Of course, there is nothing to stop me from doing some editing of the OR entry(short of COI), but I am trying to cut down on things I am doing. Perhaps someone will take it on as a weekend project. And I think an OR-oriented Wiki would be a great project.

Interaction of Computers and People

In a few days, I give a “public lecture” as part of the requirements for my Hood Fellowship that the University of Auckland gave me (I would have visited here anyway – New Zealand is wonderful – but the Fellowship was a very nice addition). Rather than trot out a version of my “sports scheduling” talk, I am giving an overview of OR talk. It is really quite a challenge. These overview talks can be quite a snooze for those in the audience who know OR, so I am thinking hard about the role OR has in the world, and the challenges the field faces. The “Science of Better” initiative of INFORMS has been very helpful in this regard.

One aspect I am exploring is the appropriate role of OR in decision making. While optimizers like me tend to be a bit impatient with this (“The best answer is this! Stop arguing with me and do it!!), the real-world is full of stuff that doesn’t appear in our models. In many (most?) applications, OR is an adjunct to decision making, not a replacement. Slate has an interesting article about this in the context of chess-playing programs that I may try to work into my talk.

Apologies in advance: the next few posts may be me trying to work through my thoughts in preparation for the talk.

Mathematical Puzzles, Martin Gardner, and Peter Winkler

I am certainly not alone when I say that interest in mathematics was sparked by Martin Gardner’s Mathematical Games column in Scientific American. I have a strong memory of many boring physics classes in high school which I whiled away reading through the stack of Scientific Americans in the corner.

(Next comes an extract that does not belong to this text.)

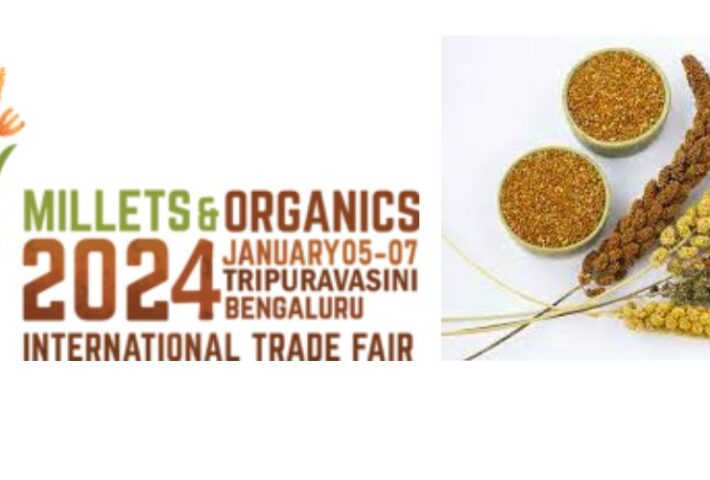 Millets and Organics International Trade Fair -2024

Those columns led to mathematics in university (where I probably not coincidently received a “D” in physics) and onward through my interest in discrete optimization.

While Gardner has long since stopped writing the column, his influence remains strong. Every year, a group of mathemeticians, magicians, jugglers, puzzle makers and so on meet at a “Gathering for Gardner“, a get-together that looks to be a blast!

Last year, Peter Winkler, formerly of Lucent and now at Darmouth, put together a set of puzzles, cleverly and correctly entitled “7 Puzzles You Think You Must Not Have Heard Correctly”. Here is one I particularly like:

The names of 100 prisoners are placed in 100 wooden boxes, one name to a box, and the boxes are lined up on a table in a room. One by one, the prisoners are led into the room; each may look in at most 50 boxes, but must leave the room exactly as he found it and is permitted no further communication with the others.

The prisoners have a chance to plot their strategy in advance, and they are going to need it, because unless every single prisoner finds his own name all will subsequently be executed. Find a strategy for them which which has probability of success exceeding 30%. Comment: If each prisoner examines a random set of 50 boxes, their probability of survival is an unenviable 1/2^100 = 000000000000000000000000000008. They could do worse if they all look in the same 50 boxes, their chances drop to zero. 30% seems ridiculously out of reach but yes, you heard the problem correctly.

Is this really possible? Check out Peter’s writeup for the solution (and seven other problems). Also check out his book for more.